Il presente guarda al passato con gli occhi del futuro, anche se per qualcuno esiste già la certezza che il domani sarà esattamente come ieri. Negli ampi spazi del Jerusalem Theater poco distante, la mostra “Haredi-made: The Product on Orthodox Society” sull’universo misterioso e nascosto degli Haredi (ebrei ultraortodossi) presenta una serie d’interpretazioni da parte di membri della comunità (già un dato interessante) su usi e costumi, nonché regole (tante, tantissime) che determinano la vita quotidiana di questi religiosi; da una serie di teste porta-parrucca che assomigliano a statue (quasi rivoluzionarie in questa rigida e intransigente tradizione) fino a un trolley nero, ovviamente con ruote, per portarsi la Torah anche in viaggio. La mostra curata da Noa Lea Cohn, osservante oltre che cuore pulsante della Hamiklat Gallery for Contemporary Haredi Art, racconta un mondo lontano precluso all’integrazione e all’apertura verso una certa tipologia di più spicciola contemporaneità, ma non per questo privo di fascino. Anzi. Proseguendo nell’esplorazione degli spazi espositivi troviamo anche una Piazza della Rivoluzione, la cui direzione artistica delle belle performance che spaziano da una sfrenata danza di gruppo al taglio di capelli espresso, è affidata a Tal Gur. In questa piazza fatta di persone e momenti, tutti hanno la possibilità di esprimersi liberamente, senza regole.
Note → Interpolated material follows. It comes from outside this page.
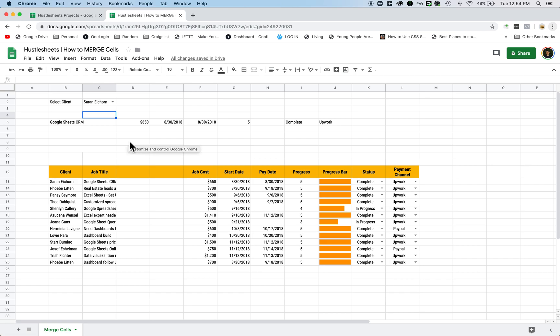Hello guys, this is Michael from Hustle Sheets, and I want to show you how to merge cells in Google Spreadsheets.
Oltre a collaborazioni con i due pilastri della didattica locale quali la Shenkar School of Engineering & Design (“Gaon’s Salon” è una serie di talk curata da Galit Gaon) e la Bezalel Academy (da non perdere la mostra degli studenti di Maya Dvash), Anat Safran e Tal Erez sono riusciti anche a costruire una rete di partnership internazionali con istituzioni, musei e fondazioni quali la Istanbul Design Biennale, il Polish Institute, D-Day Paris e la presenza italiana del Milano Design Film Festival.